- Born: 14 June 1995 (age 31) United Kingdom
- Education: Home-educated University of Cambridge (BA, MMath, PhD)
- Scientific career
- Fields: Fractional calculus
- Workplaces: Eastern Mediterranean University
- Thesis: Analysis in Fractional Calculus and Asymptotics Related to Zeta Functions (2018)
- Doctoral advisor: Athanassios S. Fokas

= Arran Fernandez =

British mathematician (born 1995)

Arran Fernandez (born June 1995) is a British mathematician, an associate professor at the Eastern Mediterranean University, and a researcher in fractional calculus. After setting various age records for British academic qualifications, starting as a young child, he became Senior Wrangler at Cambridge University at the youngest age ever - 18 years and 6 days. (Note: The previous youngest was probably James Wilkinson in 1939, aged 19 years, 9 months. Up to 1909, the youngest was Peter Guthrie Tait in 1862, aged 20 years, 8 months.)

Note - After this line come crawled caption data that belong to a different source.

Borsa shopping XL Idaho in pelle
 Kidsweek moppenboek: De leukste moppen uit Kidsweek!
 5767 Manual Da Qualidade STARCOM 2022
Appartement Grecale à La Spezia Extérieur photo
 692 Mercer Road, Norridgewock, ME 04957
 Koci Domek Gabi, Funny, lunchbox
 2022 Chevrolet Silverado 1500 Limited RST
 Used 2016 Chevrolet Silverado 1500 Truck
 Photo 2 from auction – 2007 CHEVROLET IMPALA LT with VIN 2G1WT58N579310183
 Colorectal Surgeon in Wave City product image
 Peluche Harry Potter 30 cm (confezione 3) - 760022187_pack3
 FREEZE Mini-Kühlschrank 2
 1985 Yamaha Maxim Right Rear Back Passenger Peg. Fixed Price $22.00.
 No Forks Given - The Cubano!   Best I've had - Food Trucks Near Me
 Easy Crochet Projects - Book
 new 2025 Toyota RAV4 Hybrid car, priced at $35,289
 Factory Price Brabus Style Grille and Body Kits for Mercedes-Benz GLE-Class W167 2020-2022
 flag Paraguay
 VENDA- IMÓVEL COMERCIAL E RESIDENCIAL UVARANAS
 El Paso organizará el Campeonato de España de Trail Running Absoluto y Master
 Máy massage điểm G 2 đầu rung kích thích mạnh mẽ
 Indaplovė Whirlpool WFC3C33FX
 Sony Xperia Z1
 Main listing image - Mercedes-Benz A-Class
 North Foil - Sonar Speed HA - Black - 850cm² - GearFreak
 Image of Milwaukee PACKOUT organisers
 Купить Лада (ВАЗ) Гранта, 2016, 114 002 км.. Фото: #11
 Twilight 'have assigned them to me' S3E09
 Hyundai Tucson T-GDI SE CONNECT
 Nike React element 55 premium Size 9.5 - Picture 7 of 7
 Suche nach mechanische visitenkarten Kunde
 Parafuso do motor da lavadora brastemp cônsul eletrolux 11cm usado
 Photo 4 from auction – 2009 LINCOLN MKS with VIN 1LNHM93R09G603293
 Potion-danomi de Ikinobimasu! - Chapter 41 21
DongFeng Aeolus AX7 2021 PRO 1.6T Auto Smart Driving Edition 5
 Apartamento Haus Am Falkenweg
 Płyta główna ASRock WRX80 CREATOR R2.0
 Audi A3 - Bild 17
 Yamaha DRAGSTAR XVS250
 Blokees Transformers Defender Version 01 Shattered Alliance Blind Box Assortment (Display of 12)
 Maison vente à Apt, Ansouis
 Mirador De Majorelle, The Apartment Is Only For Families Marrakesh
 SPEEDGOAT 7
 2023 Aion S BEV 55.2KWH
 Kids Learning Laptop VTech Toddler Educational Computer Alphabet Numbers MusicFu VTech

== Early life and education ==
Starting in 2000 (aged five), Fernandez had several sequences published in the On-Line Encyclopedia of Integer Sequences (OEIS), the number theory database established by Neil Sloane.

Prior to university, Fernandez was educated at home, predominantly by his father, the radical educationalist Neil Fernandez. In 2001, he broke the age record for gaining a General Certificate of Secondary Education (GCSE), the English academic qualification usually taken at age 16, for which he sat the examinations aged five. In 2003, he became the youngest person ever to gain an A* grade at GCSE, also for Mathematics.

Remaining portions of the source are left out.